## Problem statement:
Every line below from the one containing "2025 Volvo XC40" through the one containing "大衣风衣上衣西装裤子袖子齿边不规则树脂四眼男女士高档纽扣子" is to be printed exactly, with the pictures omitted.
------ Data
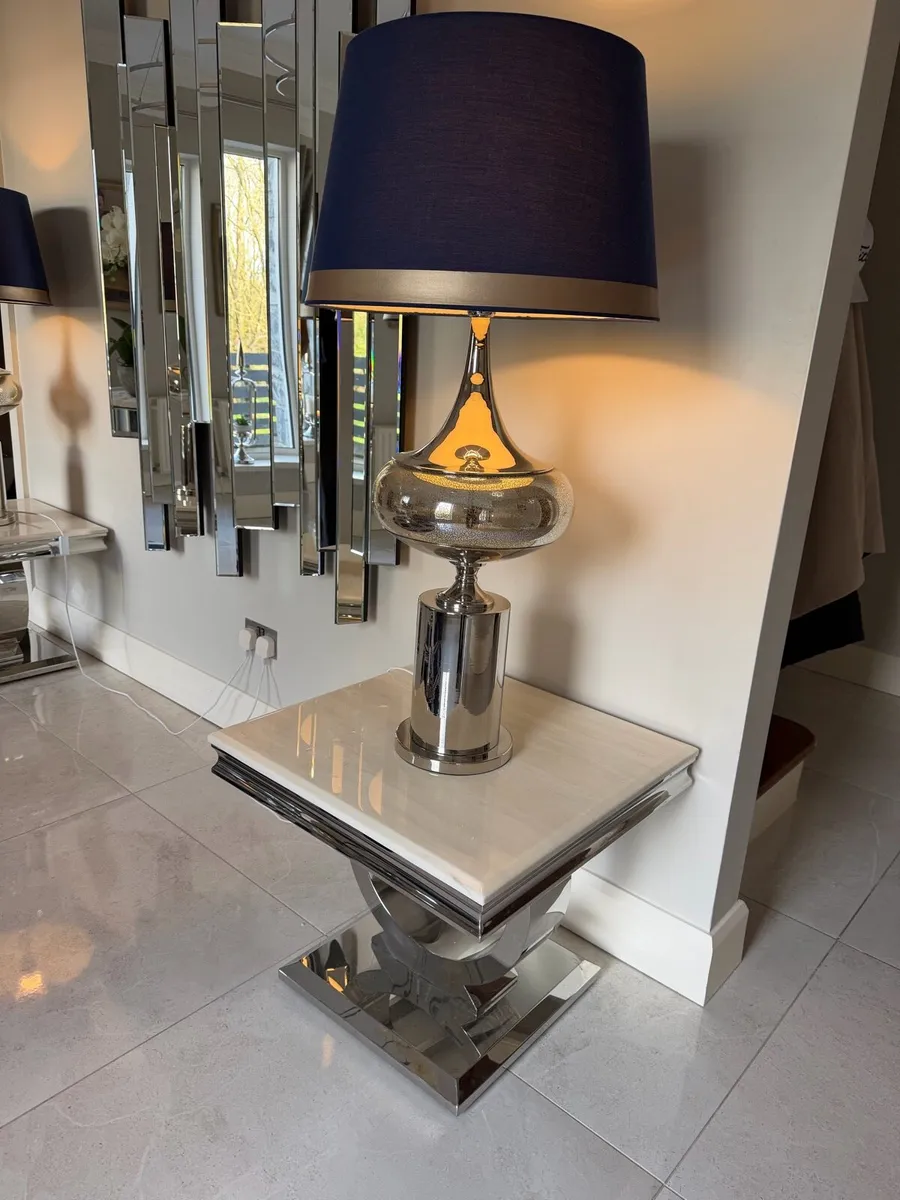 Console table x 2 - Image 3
------------
------ Data
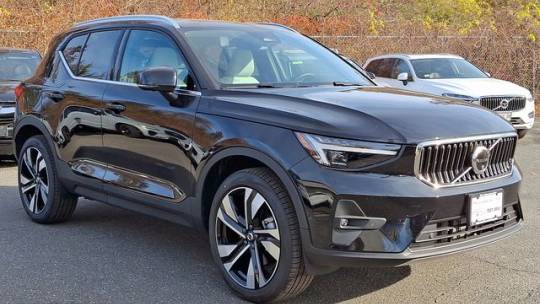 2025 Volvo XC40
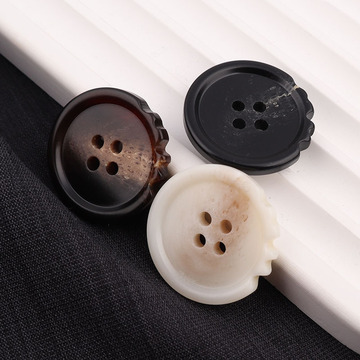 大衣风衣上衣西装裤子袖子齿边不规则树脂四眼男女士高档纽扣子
------------
## Reply:
 2025 Volvo XC40
 大衣风衣上衣西装裤子袖子齿边不规则树脂四眼男女士高档纽扣子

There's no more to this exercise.